Wie meinen Sie das? Anders als in den offenen Briefen, die in deutschen Intellektuellenkreisen ausgetauscht werden, glaubt in der Ukraine niemand an eine diplomatische Lösung. Solche Diskussionen können nur aus der Ferne geführt werden. Die Zerstörungswut der Russen macht mich wenig zuversichtlich, dass Putin Interesse an Verhandlungen hat. Es ist schon schwierig genug, mit der russischen Seite über humanitäre Korridore zu sprechen.

Die hohen Energiepreise belasten die Bürger. Wird das die Solidarität mit der Ukraine auf Dauer untergraben? Ja, es besteht ganz klar die Gefahr, dass die Solidarität der Bürger in Deutschland mit der Ukraine schwindet, wenn hohe Nachzahlungen für Energie ins Haus flattern. Umso wichtiger sind Reisen von Abgeordneten, um den Ernst der Lage vor Ort deutlich zu machen. Wir unterstützen die Bemühungen der Bundesregierung, die Menschen zu entlasten. Klar ist aber auch: Wenn wir jetzt nicht helfen, wird der Preis, den wir in Zukunft zahlen müssen, sehr viel höher sein. Denn sollte Putin gewinnen, wird Ukraine nicht sein letztes Ziel sein.

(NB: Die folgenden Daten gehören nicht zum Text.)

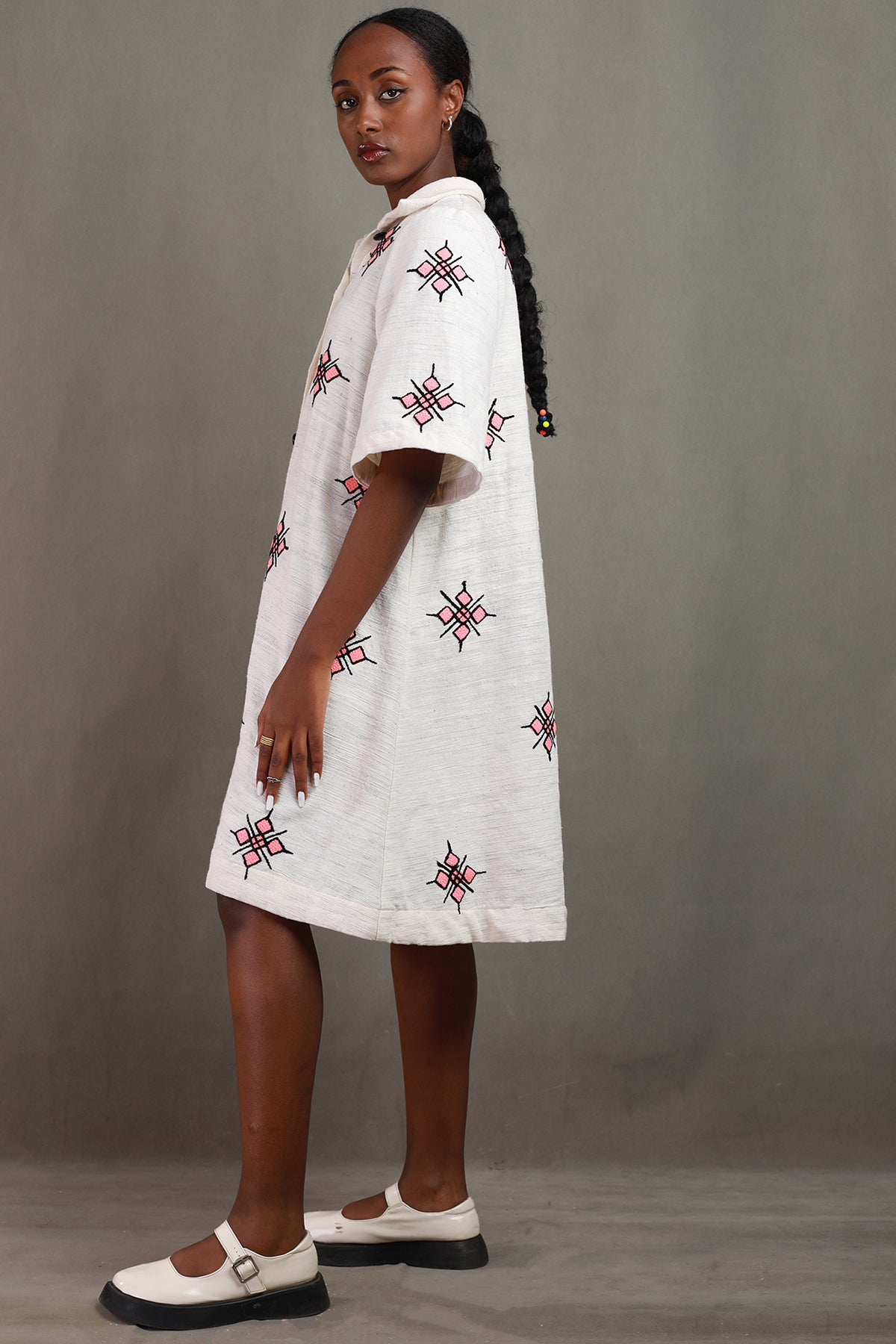 Ethiopian HandMade shirt Dress cross Design Embroidery Habesha Libs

Glauben Sie, dass die Ukraine dauerhaft eine Chance hat, Putins Truppen in Schach zu halten? Die Zeit für die Ukraine läuft ab. Wenn die Armee bis zum Winter nicht deutlich besser ausgerüstet ist, wird Putin den Krieg gewinnen. Derzeit verliert die Ukraine im Schnitt 500 Soldaten am Tag, 200 Gefallene und 300, die schwer verletzt werden Deswegen reicht die humanitäre Hilfe aus Deutschland nicht aus. Die Verluste können nur gestoppt werden, wenn Deutschland endlich Waffen liefert - von Schützenpanzern bis Luftabwehrraketen. Jede Verzögerung bringt in der Ukraine weiteres Leid mit sich. Derzeit verfügt die Ukraine über 200 Panzerhaubitzen, Russland hat 1200 im Einsatz. Das halbherzige Vorgehen der Bundesregierung kann fatale Folgen für unsere eigene Sicherheit haben. Dabei geht es nicht mal darum, aus den Bestände der Bundeswehr zu liefern. Wir haben eine starke Rüstungsindustrie, die aus ihren Beständen liefern kann und liefern will - wir haben nur keine Bundesregierung, die liefern will.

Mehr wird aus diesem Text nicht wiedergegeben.